Exercise brief → Word for word, transcribe the data below from the line with "Rockin to a" to the line with "Wanderlust Journal Glass", keeping both of those lines.

The input →
__________

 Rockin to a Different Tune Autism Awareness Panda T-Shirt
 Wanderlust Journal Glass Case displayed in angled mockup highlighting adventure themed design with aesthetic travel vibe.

__________

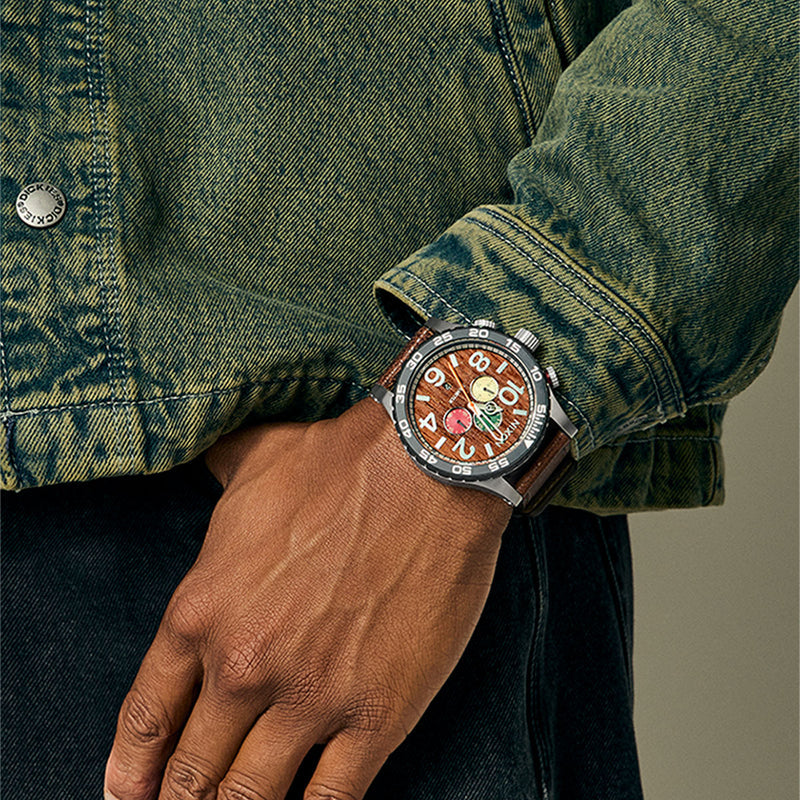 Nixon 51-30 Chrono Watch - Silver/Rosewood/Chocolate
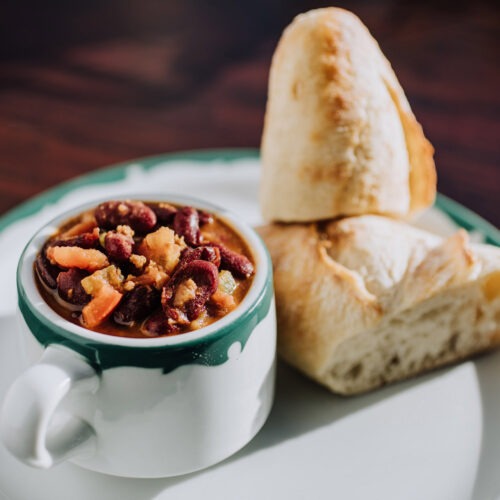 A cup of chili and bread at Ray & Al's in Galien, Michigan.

__________

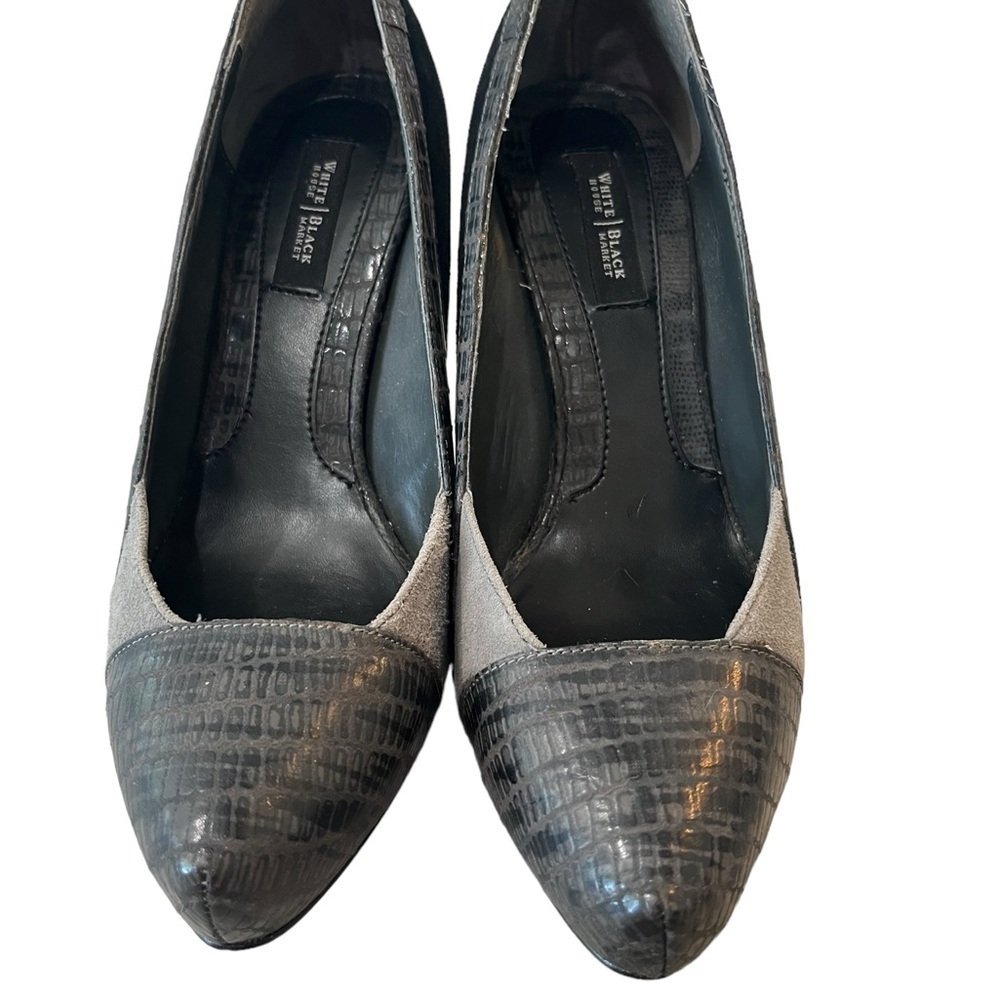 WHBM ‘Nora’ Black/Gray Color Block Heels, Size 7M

__________

Written response →
 Rockin to a Different Tune Autism Awareness Panda T-Shirt
 Wanderlust Journal Glass Case displayed in angled mockup highlighting adventure themed design with aesthetic travel vibe.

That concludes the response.